Il buon esito del cambio al vertice operato da Mosca, con il ritiro di Karmal e l’ascesa del capo della polizia segreta, Najibullah, indicò che la strada era ormai aperta per qualche forma di ritiro graduale delle truppe. Gorbaciov, nelle riunioni decisive del novembre 1986, insisté perché i soldati sovietici – qualunque cosa accadesse – fossero riportati a casa entro la fine del 1988.
A metà 1987, i sovietici comunicarono agli americani che il ritiro dall’Afghanistan era parte di una più ampia intesa reciproca. Tuttavia, l’ostinazione di Gorbačëv nel completare il ritiro ostacolò i negoziati, offrendo agli Stati Uniti l’opportunità di fare ostruzionismo.
Nella gelida mattina del 15 febbraio 1989 il generale Boris Gromov superò il ponte sul fiume Amu Darya e rientrò in Uzbekistan, da dove l’Armata rossa aveva fatto ingresso nel paese quasi dieci anni prima. Per molti sovietici le modalità dell’addio – una rapida marcia senza mai voltarsi indietro – divennero il simbolo del loro rapporto con l’intervento. Nel 1989 l’orgoglio sovietico per il ruolo di superpotenza era svanito, sostituito da una crescente sfiducia nel sistema e dalla convinzione che la leadership avesse sperperato risorse all’estero mentre il popolo viveva in povertà.

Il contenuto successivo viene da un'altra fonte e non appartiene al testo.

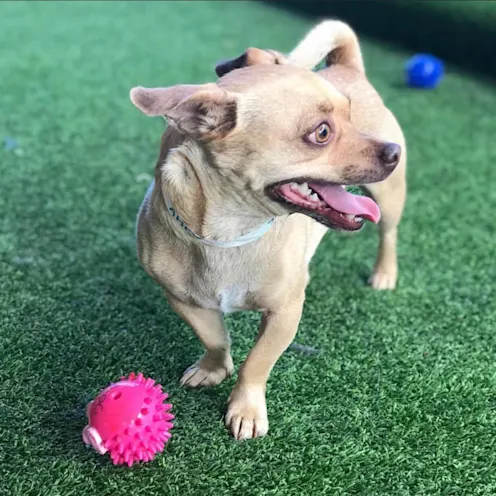 Cody the dog with pink chew toy Cody the dog with pink chew toy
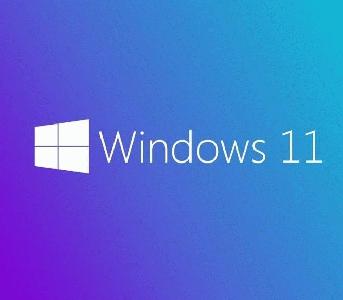 Windows 11 Pro Türkçe Oem (64 Bit) FQC-10556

Agli inizi del 1992, il regime del Pdpa si disgregò. Quattro anni dopo, una costola dei mujaheddin originali sponsorizzata dal Pakistan – i Talebani – conquistò la capitale, trascinò Najibullah fuori dal bunker in cui si nascondeva, lo torturò e lo uccise, per poi appendere il suo cadavere orrendamente mutilato. Le sue intenzioni espresse il 19 febbraio del 1989 erano ormai spezzate. Il comunismo afghano era giunto alla fine del suo percorso, una strada breve ma lastricata di sangue.